John, thanks for your detailed reply. Sorry I could not respond sooner. I
realise that my writing was imprecise in places, so I've edited the story very
slightly to describe the situation better. To clarify: the thatcher in the
story did actually do some investigation upfront. I've changed the wording
slightly to emphasise this. The problem in general, though, is how do you know
when you've done enough risk assessment? The only way to eliminate _all_ risk
is to actually do the project, but that is clearly way beyond the point of
diminishing returns! But doing _no_ upfront inspection is flagrantly reckless.

Also to clarify: the thatcher did in fact work on a time and materials basis.
However, I only vaguely alluded to it, and I've improved the wording again.
It's interesting though that you assumed it was done fixed-cost-and-scope - I
suspect that is the default situation people assume.

I'm interested by your suggestion of using professional indemnity insurance -
how would the thatcher have used this? Can it be done in a win-win, none-
confrontational way?

Finally, while I've included enough detail to describe a "full" project, the
problem I wanted to emphasise was how (given both parties realise they are
partially through a project of questionable value for either side) do they to
resolve it in a mutually satisfactory way?

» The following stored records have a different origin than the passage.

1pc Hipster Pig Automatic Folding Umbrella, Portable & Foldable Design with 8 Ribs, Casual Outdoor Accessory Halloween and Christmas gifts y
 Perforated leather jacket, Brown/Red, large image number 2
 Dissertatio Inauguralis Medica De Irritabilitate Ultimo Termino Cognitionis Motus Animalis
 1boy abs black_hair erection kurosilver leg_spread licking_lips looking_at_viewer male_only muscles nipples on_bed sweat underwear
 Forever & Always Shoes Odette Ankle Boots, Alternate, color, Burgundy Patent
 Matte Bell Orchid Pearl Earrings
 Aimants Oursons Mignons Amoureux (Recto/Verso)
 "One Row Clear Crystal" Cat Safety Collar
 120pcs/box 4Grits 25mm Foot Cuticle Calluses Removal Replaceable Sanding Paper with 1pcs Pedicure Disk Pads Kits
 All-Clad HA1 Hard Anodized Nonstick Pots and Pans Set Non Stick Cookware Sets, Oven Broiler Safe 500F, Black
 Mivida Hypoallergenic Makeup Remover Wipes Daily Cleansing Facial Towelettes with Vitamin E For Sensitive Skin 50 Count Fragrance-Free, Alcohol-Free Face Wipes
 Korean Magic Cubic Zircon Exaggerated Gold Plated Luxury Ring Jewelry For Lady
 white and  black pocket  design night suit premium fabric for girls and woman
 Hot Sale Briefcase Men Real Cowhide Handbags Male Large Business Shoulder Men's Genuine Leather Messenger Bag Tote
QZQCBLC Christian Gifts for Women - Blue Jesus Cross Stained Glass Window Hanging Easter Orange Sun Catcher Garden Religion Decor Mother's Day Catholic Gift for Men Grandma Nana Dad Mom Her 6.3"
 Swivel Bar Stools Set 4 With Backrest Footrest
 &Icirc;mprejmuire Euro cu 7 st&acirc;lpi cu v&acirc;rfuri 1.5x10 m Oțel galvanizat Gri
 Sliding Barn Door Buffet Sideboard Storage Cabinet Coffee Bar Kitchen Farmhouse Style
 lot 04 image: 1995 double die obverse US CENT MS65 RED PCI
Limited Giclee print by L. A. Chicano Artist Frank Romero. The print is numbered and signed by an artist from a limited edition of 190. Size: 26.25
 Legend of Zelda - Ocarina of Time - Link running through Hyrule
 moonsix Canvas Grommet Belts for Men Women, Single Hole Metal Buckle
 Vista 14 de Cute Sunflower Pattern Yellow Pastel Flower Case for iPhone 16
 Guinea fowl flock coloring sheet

No matter how experienced the thatcher, or how carefully he manages the risk,
there will always be a project lurking out there he had no way to prepare for.
Improving at your job means being caught out by more difficult problems, as
the easy ones you handle almost intuitively.

------
tomjen3
Really the issue is that he gave a quote for the entire thing, instead of what
it would cost to fix the initial problem.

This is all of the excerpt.